Sunday, April 04, 2010

By Clara Middleton


Yesterday I was at a picnic Easter egg hunt. A friend of mine, the mother of a ten-year old boy, came up to me at some point very upset. She showed me these slips of paper that were placed inside eggs by a group of girls – two sisters and a toady – and thrown at her son:



My friend and I talked to her son, the girls, and other kids who had seen what had happened.  The story as we gathered was this: The group of girls had had a head start and collected almost all the eggs, which were about thirty. Most other kids had just walked away while my friend’s son had insisted on collecting his share and had found only five. He had objected to the girls and they had taunted and made fun of him. He in turn had gotten angry and chased them telling them that he would give them a black eye. They had run away, taunting him some more from a distance. He had cried out of frustration and said that they should apologize to him. Then the girls had placed these notes inside empty eggs and thrown them at him. “Here’s your apology,” they had said.


To update this site I look at a great deal of news items about children. Because of my son’s situation I have also been doing research on bullying. What I have found is that verbal bullying – cyber bullying when it is done online – is a very serious and widespread violence that younger and younger children are inflicting on each other. This violence is driving kids and teenagers to suicide. This is terribly serious. The messages that were put inside the eggs for my friend’s son are exactly the kind of things kids say to each other to inflict utmost hurt. And just like it happened with this boy, there are usually a group of kids who band together and attack one kid. (Look at this story, for example.)
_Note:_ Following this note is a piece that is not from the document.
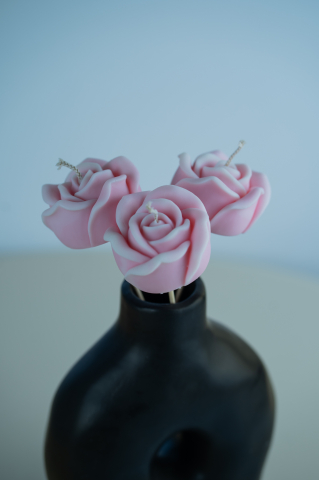 Set flori din ceara roz  - Rose [1]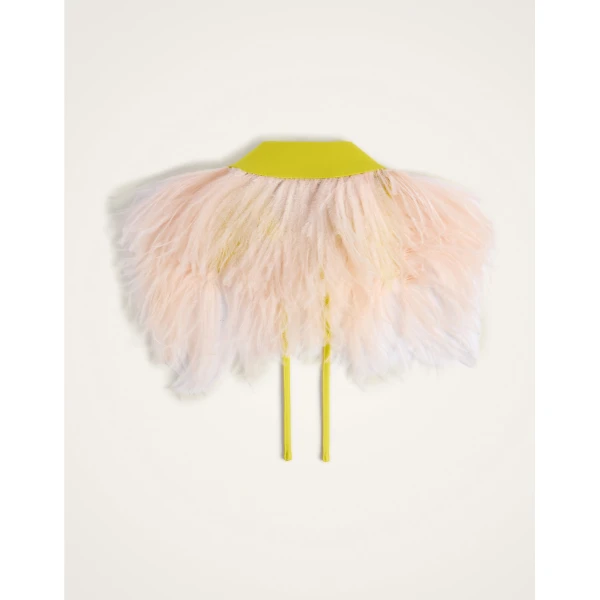 La DoubleJ La Scala Collar in Yellow at Luxury Shoes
When I talked to the group of nice kids who had happened to witness what went on between my son’s friend and the girls I pointed out to them that this exact wording is what some kids use to hurt others. They said they knew. One little girl, about eight years old, said that it had happened to her and that she’s “learning to handle it.” These very kind and wonderful kids ended up calming my friend’s son and he later said that they had helped him “handle it” too. He said that having these nice kids stand by him, talk to him, and be his friends really helped him.


But this is frightening. I keep thinking if this sort of thing can go on right under the noses of a bunch of picnicking adults, what do kids do to each other when we’re not there? And what happens when, unlike what happened on this day, the group of bullies is bigger than the group of nice kids? What happens if the good kids, or at least the ones who are not part of the bullies’ gang, don’t come to the aid of the bullied kid?


I shudder to think.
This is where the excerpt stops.